Task goal:
From the data that follows, report how many lines hold the string "Rabicano", giving only the number.

** Records follows **

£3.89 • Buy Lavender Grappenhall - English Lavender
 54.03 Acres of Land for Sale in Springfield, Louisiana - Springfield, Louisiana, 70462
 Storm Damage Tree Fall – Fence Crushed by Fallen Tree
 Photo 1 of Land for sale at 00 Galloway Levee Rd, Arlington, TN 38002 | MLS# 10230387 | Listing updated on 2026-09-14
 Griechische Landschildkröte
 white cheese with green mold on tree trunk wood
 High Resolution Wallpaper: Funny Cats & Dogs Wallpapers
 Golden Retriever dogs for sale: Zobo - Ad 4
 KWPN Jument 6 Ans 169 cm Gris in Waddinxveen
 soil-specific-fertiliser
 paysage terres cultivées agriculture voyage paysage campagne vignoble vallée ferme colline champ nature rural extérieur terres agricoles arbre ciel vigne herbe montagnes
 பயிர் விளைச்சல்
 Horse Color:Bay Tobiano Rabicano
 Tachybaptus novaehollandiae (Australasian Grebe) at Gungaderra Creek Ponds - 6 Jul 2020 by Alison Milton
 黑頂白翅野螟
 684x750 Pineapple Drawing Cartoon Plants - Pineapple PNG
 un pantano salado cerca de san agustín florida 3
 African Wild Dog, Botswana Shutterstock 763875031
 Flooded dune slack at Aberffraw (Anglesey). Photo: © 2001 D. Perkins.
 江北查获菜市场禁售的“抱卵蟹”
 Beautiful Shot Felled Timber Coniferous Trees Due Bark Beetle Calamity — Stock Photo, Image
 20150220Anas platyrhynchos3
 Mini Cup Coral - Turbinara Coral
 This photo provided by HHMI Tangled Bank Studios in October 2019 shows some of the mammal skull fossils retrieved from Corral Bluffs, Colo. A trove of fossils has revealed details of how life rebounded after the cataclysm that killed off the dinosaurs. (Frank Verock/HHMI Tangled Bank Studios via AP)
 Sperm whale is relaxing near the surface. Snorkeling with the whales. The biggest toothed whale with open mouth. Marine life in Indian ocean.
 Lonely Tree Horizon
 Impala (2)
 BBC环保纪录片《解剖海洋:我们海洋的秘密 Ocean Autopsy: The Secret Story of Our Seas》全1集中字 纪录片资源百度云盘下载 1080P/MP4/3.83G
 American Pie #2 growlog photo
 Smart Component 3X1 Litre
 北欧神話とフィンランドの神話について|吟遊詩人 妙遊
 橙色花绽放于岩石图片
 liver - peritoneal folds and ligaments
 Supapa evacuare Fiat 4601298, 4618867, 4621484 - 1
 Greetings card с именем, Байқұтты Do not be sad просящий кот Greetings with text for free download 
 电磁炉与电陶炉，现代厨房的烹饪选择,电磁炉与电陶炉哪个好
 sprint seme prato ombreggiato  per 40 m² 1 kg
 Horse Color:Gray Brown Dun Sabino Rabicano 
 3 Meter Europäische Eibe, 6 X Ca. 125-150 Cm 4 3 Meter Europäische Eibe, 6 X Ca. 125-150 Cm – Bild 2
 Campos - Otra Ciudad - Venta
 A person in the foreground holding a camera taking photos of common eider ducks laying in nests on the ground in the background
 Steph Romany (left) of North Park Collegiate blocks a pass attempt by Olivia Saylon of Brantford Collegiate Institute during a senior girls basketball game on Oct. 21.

** End of Records **

Answer space:
2